Die Ex-Auto-Kanzlerin. MARTIN PREM.

Ist es die Corona-Schockstarre? Es ist schon erstaunlich, wie lange Kanzlerin Angela Merkel brauchte, um auf die drohende für die deutsche Autoindustrie verhängnisvolle neue EU-Abgasnorm zu reagieren. Man dürfe den Verbrenner nicht„technisch unmöglich“ machen, sagte sie gestern zaghaft gegenüber der Bundesvereinigung der Deutschen Arbeitgeberverbände. Viel Überzeugungsarbeit musste sie in diesem Kreis wohl nicht leisten.
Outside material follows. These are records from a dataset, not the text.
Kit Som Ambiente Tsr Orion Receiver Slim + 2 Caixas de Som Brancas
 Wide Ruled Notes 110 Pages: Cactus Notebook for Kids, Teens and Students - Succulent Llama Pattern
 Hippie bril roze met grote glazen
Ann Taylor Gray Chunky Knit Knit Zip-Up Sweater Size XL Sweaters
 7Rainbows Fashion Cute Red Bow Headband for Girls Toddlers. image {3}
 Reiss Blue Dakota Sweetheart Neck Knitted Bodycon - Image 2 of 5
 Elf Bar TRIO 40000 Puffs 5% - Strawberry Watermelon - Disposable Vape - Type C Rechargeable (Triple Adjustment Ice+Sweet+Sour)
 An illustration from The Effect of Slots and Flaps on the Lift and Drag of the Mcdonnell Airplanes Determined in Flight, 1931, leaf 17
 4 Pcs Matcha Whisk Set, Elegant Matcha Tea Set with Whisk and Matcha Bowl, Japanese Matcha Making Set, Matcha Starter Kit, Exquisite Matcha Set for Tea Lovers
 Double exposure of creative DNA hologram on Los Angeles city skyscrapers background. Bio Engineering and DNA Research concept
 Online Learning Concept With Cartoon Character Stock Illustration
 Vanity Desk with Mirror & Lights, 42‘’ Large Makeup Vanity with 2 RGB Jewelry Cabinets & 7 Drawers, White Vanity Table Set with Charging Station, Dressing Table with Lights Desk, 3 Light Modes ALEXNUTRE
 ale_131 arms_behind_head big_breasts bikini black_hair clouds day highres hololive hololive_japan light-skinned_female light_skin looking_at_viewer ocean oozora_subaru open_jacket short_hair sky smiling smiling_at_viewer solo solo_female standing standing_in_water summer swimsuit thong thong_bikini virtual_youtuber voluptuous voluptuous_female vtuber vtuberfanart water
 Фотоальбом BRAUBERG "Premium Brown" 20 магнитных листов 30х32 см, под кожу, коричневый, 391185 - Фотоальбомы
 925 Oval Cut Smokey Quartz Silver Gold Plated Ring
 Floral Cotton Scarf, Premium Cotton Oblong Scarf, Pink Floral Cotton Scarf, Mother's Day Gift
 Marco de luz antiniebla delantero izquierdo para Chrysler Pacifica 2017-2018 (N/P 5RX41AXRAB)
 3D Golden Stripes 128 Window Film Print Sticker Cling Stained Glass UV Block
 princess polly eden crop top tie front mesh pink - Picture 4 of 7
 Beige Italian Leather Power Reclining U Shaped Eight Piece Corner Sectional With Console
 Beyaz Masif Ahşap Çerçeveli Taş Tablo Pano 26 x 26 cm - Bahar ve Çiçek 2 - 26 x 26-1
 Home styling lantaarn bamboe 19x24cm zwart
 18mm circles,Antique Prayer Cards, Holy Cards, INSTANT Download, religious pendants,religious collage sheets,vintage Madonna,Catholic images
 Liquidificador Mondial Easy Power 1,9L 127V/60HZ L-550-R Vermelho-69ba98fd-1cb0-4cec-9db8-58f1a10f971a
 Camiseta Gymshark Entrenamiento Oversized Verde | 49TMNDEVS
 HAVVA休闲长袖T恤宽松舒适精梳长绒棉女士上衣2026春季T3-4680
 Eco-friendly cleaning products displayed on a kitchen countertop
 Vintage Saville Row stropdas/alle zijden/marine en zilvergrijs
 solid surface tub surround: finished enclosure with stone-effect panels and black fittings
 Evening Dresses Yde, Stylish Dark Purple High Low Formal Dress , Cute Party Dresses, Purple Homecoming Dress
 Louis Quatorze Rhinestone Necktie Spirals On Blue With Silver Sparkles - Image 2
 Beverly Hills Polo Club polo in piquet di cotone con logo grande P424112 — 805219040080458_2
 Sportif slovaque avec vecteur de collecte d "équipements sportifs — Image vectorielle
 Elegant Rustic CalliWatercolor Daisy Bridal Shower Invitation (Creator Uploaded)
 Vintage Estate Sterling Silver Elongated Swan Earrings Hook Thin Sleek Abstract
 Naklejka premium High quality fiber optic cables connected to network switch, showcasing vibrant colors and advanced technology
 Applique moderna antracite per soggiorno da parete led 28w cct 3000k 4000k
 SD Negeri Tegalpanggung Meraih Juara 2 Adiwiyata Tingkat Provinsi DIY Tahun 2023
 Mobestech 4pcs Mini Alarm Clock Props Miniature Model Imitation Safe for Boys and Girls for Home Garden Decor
Wenn man daran denkt, mit welcher Vehemenz früher deutsche Industrie-Interessen auf dem Brüsseler Parkett vertreten wurden, wird einem bang. Auf über 90 Prozent der globalen Straßen ist Elektromobilität mangels Infrastruktur unrealistisch. Die deutschen Autobauer würden sich von diesen Märkten verabschieden, wenn sie in ihren Kernländern Benziner aufs Altenteil schicken müssten.

Die Folgen für Wohlstand und Beschäftigung in Bayern wären fatal. Deshalb ist es erstaunlich, dass die Staatsregierung schweigt. Will man mögliche grüne Partner nicht verprellen? Oder plant man Bayerns Zukunft ganz anders? Na ja: Mit acht Pferden und Karossen aus Nymphenburg fährt ein Landesvater zwar langsamer, aber deutlich herrschaftlicher als mit acht Zylindern aus Dingolfing.